Managing the Uncertainty of Legacy Code: Part 1

On June 3, 2020, TechTalk hosted a meetup at which I spoke about managing the various kinds of uncertainty that we routinely encounter on projects that involve legacy code. I presented a handful of ideas for how we might improve our practices related to testing, design, planning, and collaboration. These ideas and practices help us with general software project work, but they help us even more when working with legacy code, since legacy code tends to add significant uncertainty and pressure to every bit of our work. Fortunately, we can build our skill while doing everyday work away from legacy code, then exploit that extra skill when we work with legacy code. Here are some questions that came up during this session and some answers to those questions.

You’ll find the remaining articles in this series here as they are released.

One of the issues is that the legacy code base consists of useful code and dead code and it’s hard to know which is which.

Indeed so. Working with legacy code tends to increase the likelihood of wasting time working with dead code before we feel confident to delete it. I don’t know how to avoid this risk, so I combine monitoring, testing, and microcommitting to mitigate the risk.

Microcommits make it easier to remove code safely because we can recover it more safely. Committing frequently helps, but also committing surgically (the smallest portion of code that we know is dead) and cohesively (portions of code that seem logically related to each other) helps. If our commits are more independent, then it’s easier to move them backward and forward in time, which makes it easier to recover some code that we mistakenly deleted earlier while disturbing the live code less. We will probably never do this perfectly, but smaller and more-cohesive commits make it more likely to succeed. This seems like a special case of the general principle that as I trust my ability to recover from mistakes more, I feel less worried about making mistakes, so I change things more aggressively. When I learned test-driven development in the early years of my career, I noticed that I become much more confident to change things, because I could change them back more safely. Practising test-driven development in general and microcommitting when working with legacy code combine to help the programmer feel more confident to delete code—not only code that seems dead.

Even with all this, you might still feel afraid to delete that code.
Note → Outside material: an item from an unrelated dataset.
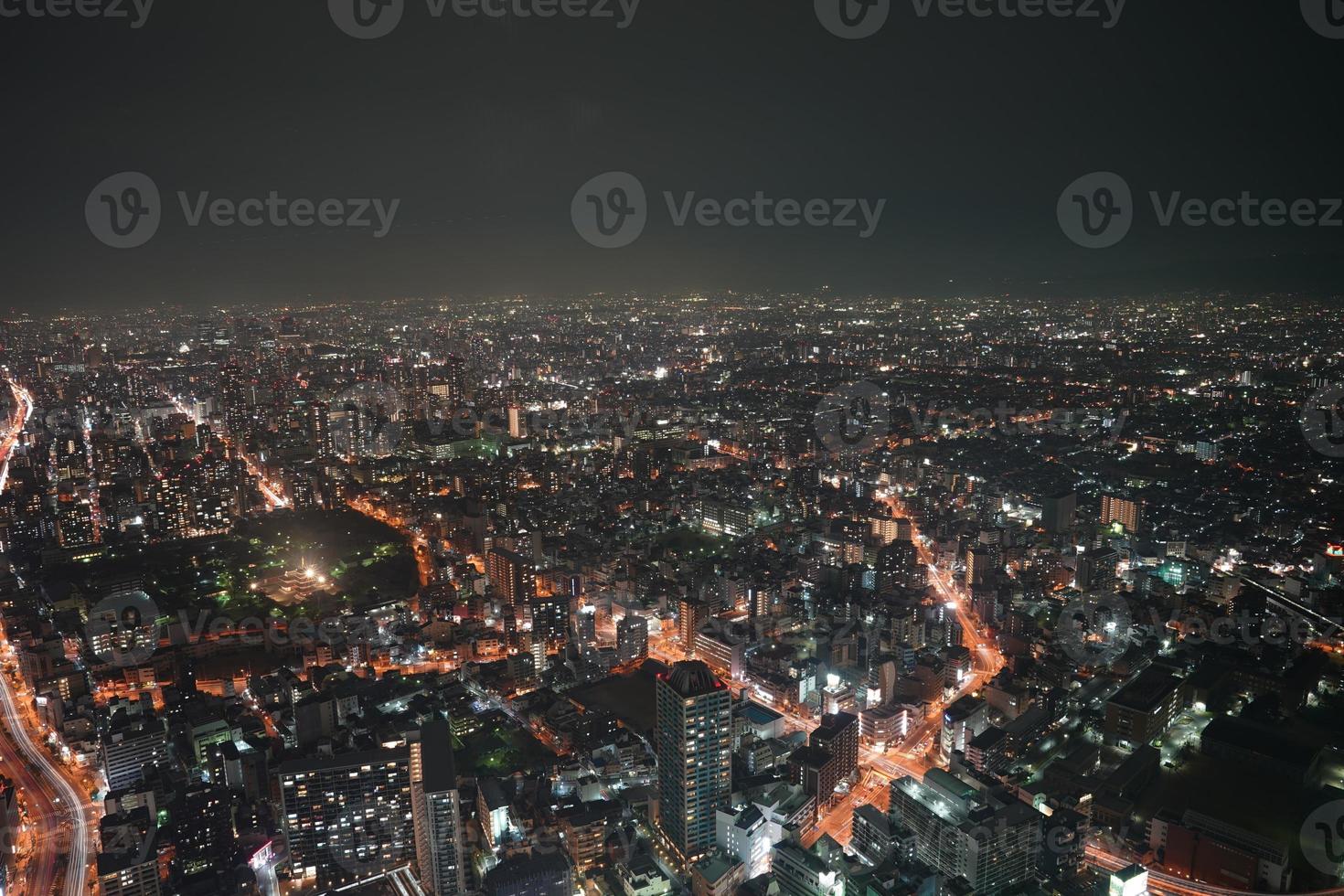 connexion réseau avec cercle de lumière néon et vide à l'intérieur pour tout logo ou icône d'entreprise., sur fond de bâtiment élevé la nuit. photo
In that case, you could add “Someone executed this code” logging statements, then monitor the system for those logging statements. You could track the length of time since you last saw each of these “heartbeat” logging messages, then make a guess when it becomes safe to delete that code. You might decide that if nothing has executed that code in 6 months, then you judge it as dead and plan to remove it. This could never give us perfect confidence, but at least it goes beyond guessing to gathering some amount of evidence to support our guesses.

More testing, especially microtesting, puts more positive pressure on the design to become simpler: less duplication, better names, healthier dependencies, more referential transparency. I have noticed a pattern: as I simplify the design, I find it easier to notice parts that look irrelevant and I find it clearer that those parts are indeed dead code. Moreover, sometimes obviously dead code simply appears before my eyes without trying! This makes it safer to delete that code, using the microcommitting and monitoring as a recovery strategy in case I get it wrong.

So not all legacy code adds value to the business… but it is hard to know which part does.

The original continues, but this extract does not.